Location-Agnostic Pay

Paying employees the same wage for the same job, regardless of where they live, can contribute to greater pay equity around the world. However, it might also mean that employees’ experiences of attempting to live comfortably on those salaries are dramatically different. For example, a £45,000 wage in the United Kingdom for an SEO specialist would pay for a considerably different size of accommodation in London city-center versus the countryside in the North of England. It could be the difference between renting a room in a shared house and purchasing a home. When comparing the cost of living in other nations, this becomes further clearer.

Conversations About Pay

Staff may discuss their pay with one another in regions where it is totally lawful to do so.

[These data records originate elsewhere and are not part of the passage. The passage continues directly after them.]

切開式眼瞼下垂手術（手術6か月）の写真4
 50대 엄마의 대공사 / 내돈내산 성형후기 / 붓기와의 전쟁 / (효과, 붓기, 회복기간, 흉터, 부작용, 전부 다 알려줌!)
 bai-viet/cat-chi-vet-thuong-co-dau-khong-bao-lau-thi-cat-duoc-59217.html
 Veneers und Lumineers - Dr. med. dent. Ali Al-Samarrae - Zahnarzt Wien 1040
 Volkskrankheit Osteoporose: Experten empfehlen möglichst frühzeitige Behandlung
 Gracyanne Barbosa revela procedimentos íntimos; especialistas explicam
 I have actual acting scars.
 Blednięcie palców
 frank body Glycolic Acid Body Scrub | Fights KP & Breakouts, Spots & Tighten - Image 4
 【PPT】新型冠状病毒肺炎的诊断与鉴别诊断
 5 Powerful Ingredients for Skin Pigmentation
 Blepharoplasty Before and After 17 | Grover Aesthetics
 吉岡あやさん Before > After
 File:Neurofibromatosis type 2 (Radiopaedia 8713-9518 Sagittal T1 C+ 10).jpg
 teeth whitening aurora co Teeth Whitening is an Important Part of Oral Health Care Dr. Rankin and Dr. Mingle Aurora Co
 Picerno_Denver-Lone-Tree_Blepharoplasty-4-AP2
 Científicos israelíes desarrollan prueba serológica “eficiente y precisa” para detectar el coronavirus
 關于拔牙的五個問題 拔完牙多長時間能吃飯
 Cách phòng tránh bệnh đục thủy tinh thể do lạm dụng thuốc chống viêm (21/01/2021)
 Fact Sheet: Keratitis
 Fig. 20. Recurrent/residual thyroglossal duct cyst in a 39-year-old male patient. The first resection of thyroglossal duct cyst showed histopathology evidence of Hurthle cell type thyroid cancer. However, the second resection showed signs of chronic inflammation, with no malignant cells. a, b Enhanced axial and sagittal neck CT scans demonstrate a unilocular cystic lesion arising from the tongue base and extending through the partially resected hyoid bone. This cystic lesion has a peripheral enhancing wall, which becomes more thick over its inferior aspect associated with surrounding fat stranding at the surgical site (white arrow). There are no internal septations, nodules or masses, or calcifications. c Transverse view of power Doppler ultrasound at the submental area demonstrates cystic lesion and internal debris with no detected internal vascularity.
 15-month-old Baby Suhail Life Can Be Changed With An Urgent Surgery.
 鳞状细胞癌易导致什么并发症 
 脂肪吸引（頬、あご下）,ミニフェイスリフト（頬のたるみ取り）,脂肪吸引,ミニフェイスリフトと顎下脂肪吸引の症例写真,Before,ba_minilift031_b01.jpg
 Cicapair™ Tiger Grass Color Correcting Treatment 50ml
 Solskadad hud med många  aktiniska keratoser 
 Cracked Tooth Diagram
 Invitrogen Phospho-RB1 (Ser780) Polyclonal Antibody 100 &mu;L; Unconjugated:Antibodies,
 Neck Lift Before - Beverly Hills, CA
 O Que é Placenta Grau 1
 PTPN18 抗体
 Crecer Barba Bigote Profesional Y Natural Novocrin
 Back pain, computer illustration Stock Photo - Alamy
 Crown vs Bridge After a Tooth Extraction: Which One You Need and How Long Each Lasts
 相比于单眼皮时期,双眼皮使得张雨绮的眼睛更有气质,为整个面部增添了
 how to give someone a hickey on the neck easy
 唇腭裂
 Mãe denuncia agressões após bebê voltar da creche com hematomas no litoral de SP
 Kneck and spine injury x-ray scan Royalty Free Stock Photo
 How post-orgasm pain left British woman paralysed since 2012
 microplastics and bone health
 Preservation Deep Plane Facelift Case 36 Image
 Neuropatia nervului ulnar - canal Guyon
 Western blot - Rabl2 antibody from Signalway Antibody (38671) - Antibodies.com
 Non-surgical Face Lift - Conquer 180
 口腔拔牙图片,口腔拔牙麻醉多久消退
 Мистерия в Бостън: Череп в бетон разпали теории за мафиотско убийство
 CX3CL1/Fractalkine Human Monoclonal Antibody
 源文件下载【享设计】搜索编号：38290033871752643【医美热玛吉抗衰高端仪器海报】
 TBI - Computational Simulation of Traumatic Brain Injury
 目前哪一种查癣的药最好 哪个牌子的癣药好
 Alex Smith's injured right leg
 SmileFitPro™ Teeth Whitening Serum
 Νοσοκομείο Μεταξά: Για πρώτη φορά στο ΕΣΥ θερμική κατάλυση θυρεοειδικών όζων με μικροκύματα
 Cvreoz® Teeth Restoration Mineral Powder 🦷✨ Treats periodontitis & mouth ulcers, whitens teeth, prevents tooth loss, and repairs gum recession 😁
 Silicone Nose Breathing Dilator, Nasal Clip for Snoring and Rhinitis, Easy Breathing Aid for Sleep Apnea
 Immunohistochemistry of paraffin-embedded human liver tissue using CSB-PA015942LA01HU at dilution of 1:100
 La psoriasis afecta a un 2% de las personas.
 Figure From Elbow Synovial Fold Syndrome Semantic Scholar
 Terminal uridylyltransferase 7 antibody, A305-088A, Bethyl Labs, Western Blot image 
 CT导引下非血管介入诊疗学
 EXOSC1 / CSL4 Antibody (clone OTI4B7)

Regardless of your path, be prepared to explain your wage structure to your team. It may be more beneficial to have these discussions with your staff when you hire them rather than waiting for them to become enraged because they are paid less or have a worse standard of living than their coworkers who do the same job.

Benefits

Beyond base salary, you’ll need to consider benefits for your remote SEO team. Again, this might not be as simple as offering every employee the same benefit. There may be differences based on local laws and taxes.

Remote-work Centric

You can customize the perks you provide to meet the specific demands of remote employees. Consider what your team may be missing out on as a result of not using shared office space regularly. Free coffee and a pool table have never been enough to entice SEO specialists into the office, but there are certain benefits that remote workers will miss out on. Consider whether any social, community, or health benefits are especially relevant for team members who work remotely.

For example:

  • Membership in co-working spaces.
  • Social club/activity membership.
  • Gym membership.
  • Volunteering days.
  • Weekly takeaway/grocery-shop budgets.

Equipment

It’s possible that simply equipping your employees with a laptop will not be enough to enable them to succeed working from home. You could also wish to include a stipend for setting up a nice, ergonomic home office. They will be able to determine what is best for them in their family situation. For example, being able to purchase a room divider to partition the area of their room where they keep their desk and work equipment could help them achieve a better work/life balance. Giving them enough money to buy a decent workstation, a second monitor, and a separate keyboard could be a crucial benefit. We spend our entire lives online as SEO professionals. We require a stable internet connection to conduct a decent job. This is something you should discuss with your team when they are hired. It’s unlikely that a first-time work-from-home colleague would think of it.

Differ By Location

A critical consideration is the differences in how benefits are treated legally and for tax purposes across locations. For example, there are rules around employers providing workplace pensions in the U.K. To offer a pension is not a benefit unless the employer’s contribution is more than what is legally mandated. This financial minimum may be different in other countries. How these benefits are taxed will change dependent on location too. What may seem like a perk for an employee in one country may be a huge tax burden to another elsewhere in the world. Seek advice from experts in international hiring and remuneration if your company is building a fully remote team across geographies with different laws for the first time.

Necessary Benefits

Benefits are more important in some places than they are in others. In the United Kingdom, for example, a benefit of private healthcare is frequently viewed as just that: a benefit. Citizens of the United Kingdom have free government-provided healthcare. Although having a health insurance plan can make it easier to receive private healthcare, not having one will not prevent someone from accessing it. Employees in other nations, including those in the United States, value a good healthcare plan significantly more. It’s unlikely that a one-size-fits-all approach will work across regions when deciding what perks to provide your fully-remote SEO team.